Strategi Baru Sebuah Perusahaan Di Amerika Serikat : Kompensasi 5000 USD Jika Berhenti Kerja Setelah Bekerja Selama 2 Minggu


Di tengah krisis pekerjaan yang telah mempengaruhi berbagai sektor di Amerika Serikat, perusahaan harus merevisi kebijakan ketenagakerjaan mereka untuk mendorong pekerja agar tetap bekerja.

Sebuah rekor jumlah 4,5 juta orang Amerika mengundurkan diri dari pekerjaan mereka November lalu, dengan alasan kondisi kerja dan upah yang tidak mencukupi di antara penyebabnya.
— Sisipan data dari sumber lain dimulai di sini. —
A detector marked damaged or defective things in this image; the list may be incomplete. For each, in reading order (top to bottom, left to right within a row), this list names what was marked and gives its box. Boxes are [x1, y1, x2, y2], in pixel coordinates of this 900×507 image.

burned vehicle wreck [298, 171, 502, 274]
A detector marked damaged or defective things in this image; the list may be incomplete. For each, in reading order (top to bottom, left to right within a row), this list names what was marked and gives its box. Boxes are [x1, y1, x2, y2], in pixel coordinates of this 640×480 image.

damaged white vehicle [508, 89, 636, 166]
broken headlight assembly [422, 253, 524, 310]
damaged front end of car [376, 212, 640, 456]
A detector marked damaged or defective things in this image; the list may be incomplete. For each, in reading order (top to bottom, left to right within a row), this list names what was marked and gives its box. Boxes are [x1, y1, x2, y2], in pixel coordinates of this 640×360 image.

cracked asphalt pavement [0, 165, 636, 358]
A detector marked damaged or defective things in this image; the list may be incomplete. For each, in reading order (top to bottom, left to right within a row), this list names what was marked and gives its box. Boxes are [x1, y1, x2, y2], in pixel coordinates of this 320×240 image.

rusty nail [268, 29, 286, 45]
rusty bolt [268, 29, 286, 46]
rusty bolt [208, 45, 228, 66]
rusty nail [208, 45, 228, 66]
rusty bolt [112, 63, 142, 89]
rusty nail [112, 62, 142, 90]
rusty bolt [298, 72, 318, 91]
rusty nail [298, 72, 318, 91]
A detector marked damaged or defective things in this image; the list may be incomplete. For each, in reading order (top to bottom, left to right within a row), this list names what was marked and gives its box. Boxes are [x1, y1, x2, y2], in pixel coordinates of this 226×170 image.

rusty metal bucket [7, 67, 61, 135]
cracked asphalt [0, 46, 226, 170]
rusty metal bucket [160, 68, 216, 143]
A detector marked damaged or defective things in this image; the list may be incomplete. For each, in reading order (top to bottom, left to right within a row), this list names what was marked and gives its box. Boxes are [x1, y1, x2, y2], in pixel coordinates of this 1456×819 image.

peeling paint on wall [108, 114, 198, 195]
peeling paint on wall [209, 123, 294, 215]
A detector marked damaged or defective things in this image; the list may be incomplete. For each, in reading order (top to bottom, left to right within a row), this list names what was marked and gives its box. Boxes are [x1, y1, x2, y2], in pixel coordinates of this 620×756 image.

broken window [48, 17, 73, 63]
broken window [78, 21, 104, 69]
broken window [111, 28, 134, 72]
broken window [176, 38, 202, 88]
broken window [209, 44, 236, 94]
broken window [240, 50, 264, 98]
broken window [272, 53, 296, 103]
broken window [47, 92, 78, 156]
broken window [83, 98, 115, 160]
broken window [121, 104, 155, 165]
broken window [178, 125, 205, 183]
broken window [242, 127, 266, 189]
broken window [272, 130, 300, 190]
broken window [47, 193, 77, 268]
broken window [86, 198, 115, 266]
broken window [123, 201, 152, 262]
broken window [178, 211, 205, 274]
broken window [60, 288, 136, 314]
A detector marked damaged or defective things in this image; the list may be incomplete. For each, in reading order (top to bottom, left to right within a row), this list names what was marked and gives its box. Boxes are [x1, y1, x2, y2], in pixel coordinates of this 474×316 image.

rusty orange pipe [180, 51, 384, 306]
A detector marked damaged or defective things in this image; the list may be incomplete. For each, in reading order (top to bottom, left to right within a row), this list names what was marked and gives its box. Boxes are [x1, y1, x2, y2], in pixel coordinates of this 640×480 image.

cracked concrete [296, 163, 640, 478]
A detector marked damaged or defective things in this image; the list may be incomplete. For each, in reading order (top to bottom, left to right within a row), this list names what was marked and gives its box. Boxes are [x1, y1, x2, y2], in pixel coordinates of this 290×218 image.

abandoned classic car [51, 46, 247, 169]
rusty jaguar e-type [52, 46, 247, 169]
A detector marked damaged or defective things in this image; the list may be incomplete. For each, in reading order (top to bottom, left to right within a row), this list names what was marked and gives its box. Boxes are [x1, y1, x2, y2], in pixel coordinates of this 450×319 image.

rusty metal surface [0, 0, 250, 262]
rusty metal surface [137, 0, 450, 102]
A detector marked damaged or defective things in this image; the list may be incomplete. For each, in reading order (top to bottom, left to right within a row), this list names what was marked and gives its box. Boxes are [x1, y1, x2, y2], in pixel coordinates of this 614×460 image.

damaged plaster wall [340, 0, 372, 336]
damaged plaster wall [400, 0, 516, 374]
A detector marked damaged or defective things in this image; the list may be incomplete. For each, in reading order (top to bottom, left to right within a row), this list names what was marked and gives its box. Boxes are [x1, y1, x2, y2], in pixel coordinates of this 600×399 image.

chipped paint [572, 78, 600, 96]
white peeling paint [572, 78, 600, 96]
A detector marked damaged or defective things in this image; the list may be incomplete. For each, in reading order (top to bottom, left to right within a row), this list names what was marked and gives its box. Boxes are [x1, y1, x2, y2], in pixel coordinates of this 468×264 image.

Untuk mempertahankan tim mereka, pemberi kerja telah mengembangkan insentif, seperti menaikkan gaji, membagikan hadiah, dan bahkan tunjangan pendidikan.

Namun, kekurangan tenaga kerja terus berlanjut hingga tahun ini dan bisa tetap melampaui tahun 2022, menurut data dari survei baru-baru ini yang dirilis oleh Kamar Dagang AS.

Dalam konteks ini, sebuah perusahaan telah melakukan strategi untuk mendorong karyawannya untuk mendedikasikan diri mereka untuk tujuan perusahaan dan merasa menjadi bagian dari timnya.

Sejak Mei 2020, Trainual - sebuah perusahaan perangkat lunak yang mengkhususkan diri dalam membantu perusahaan kecil untuk menggabungkan, melatih, dan memperluas tim kerja - telah menawarkan $ 2.500 kepada anggota baru untuk mengajukan pengunduran diri mereka dua minggu setelah mulai bekerja, jika mereka memiliki keraguan tentang masa depannya di perusahaan.

Namun, dari 38 karyawan yang menerima lamaran tersebut, tidak satupun yang menerima tawaran tersebut. Dihadapkan dengan gagasan bahwa jumlahnya mungkin tidak signifikan, perusahaan menaikkan jumlah kompensasi menjadi $ 5.000 untuk mengecualikan bahwa orang memutuskan untuk tinggal sementara mereka mencari pekerjaan lain, karena gaji mereka akan lebih bermanfaat.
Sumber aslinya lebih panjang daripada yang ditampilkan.